President-elect William Ruto and his Deputy Rigathi Gachagua. [File, Standard]

President-elect William Ruto has asked the Supreme Court to lock out the Law Society of Kenya (LSK) from presidential election petition.

In an affidavit drawn by Kithure Kindiki and Associates Advocates dated August 28, 2022, Ruto argues the lawyers’ lobby cannot be neutral as Martha Karua is its member and also a former leader.

“The applicant has misrepresented material facts by pleading that the LSK has no connection to any party in this matter, which is FALSE, as the LSK is connected to the 2nd Petitioner,” Ruto’s affidavit reads in part.

“The rules of natural justice forbid the grant of the Application to the extent that the 2nd Petitioner is a prominent member and past leader of the applicant, which strips the Applicant requirement of independence and impartiality,”

The UDA party leader also argues that by allowing the LSK to join the case as an amicus curiae (friend of the court), the court would be offending the rules governing the friends of the court.

He also avers that allowing LSK in the case would obscure more than clarify the matter before the court.

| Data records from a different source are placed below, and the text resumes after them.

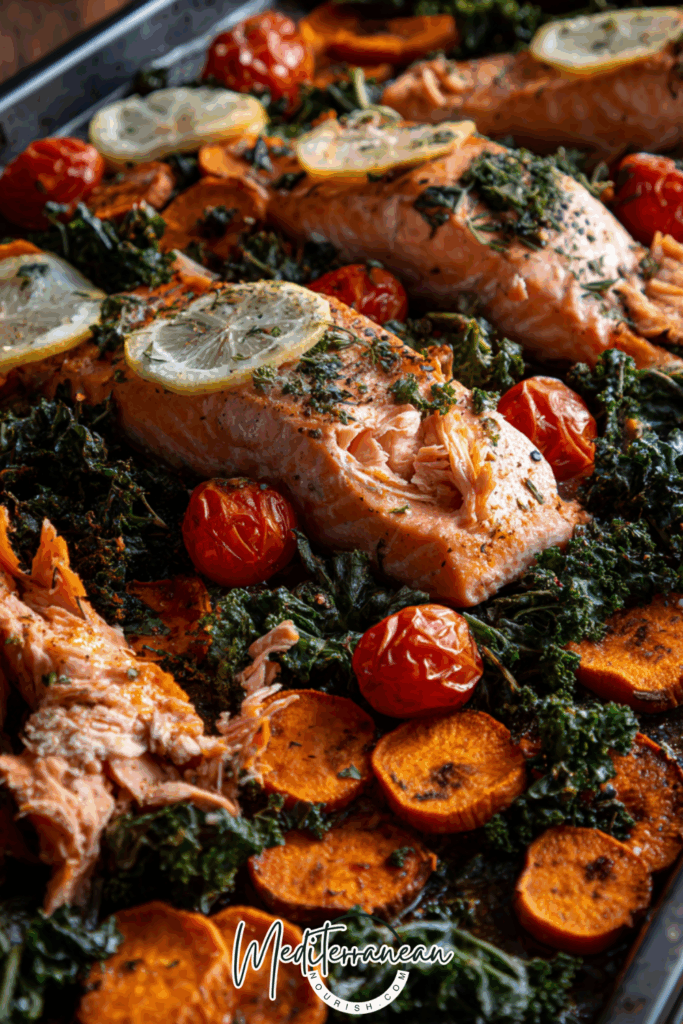 Sheet-Pan Sweet Potato, Kale & Salmon Dinner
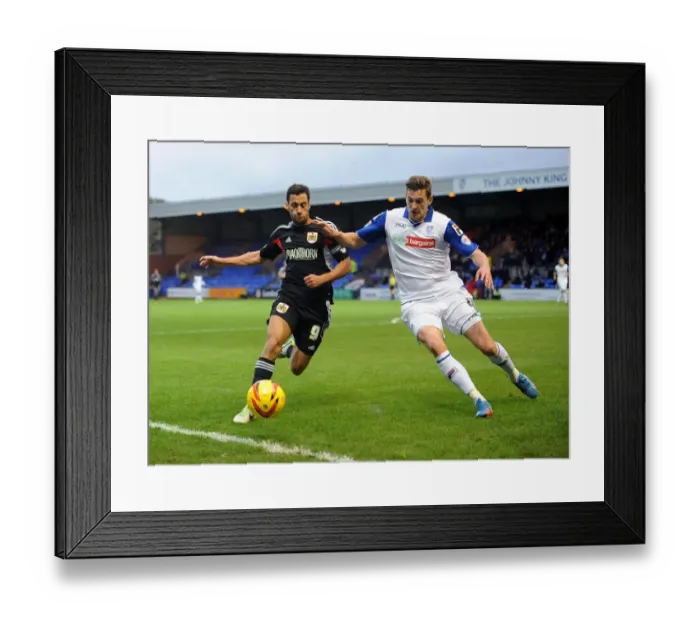 Framed Print : Baldock and Taylor in Pursuit: Intense Action from Tranmere vs. Bristol City, League One Football Match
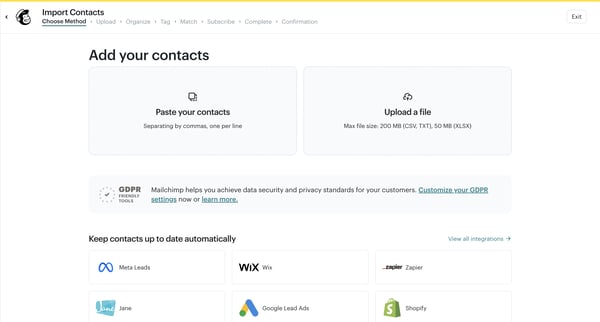 List Import | Mailchimp screen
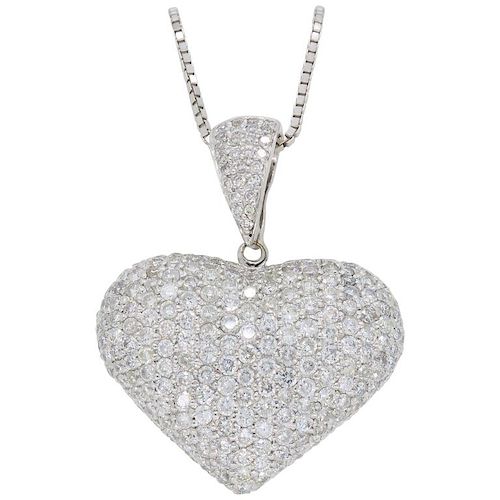 Estate 6 Carat Diamond Heart Shaped Pendant Necklace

He has also indicated that including LSK in the case is unlikely to add any value to the outcome of the court.

The Law Society of Kenya filed an application to be joined in the petitions at the Supreme Court challenging the declaration of Deputy President William Ruto as president-elect.

The society wants to be joined as amicus curiae on the grounds that it has the expertise to help the apex court reach a just decision.

“The society wants to be joined as a neutral party because of the public interest involved in the dispute surrounding the presidential election,” the society said in the application filed by Kililo Advocates.

The presidential petition filed by Azimio la Umoja presidential candidate Raila Odinga and his running mate Martha Karua s challenging the final presidential results announced by the Independent Electoral and Boundaries Commission (IEBC) chairman Wafula Chebukati on August 15.

LSK wants to help the court with three issues concerning the meaning of the standard of proof in an election petition, the value of rejected votes in the presidential election, and the role of the IEBC commission in tallying, verification, and declaration of results.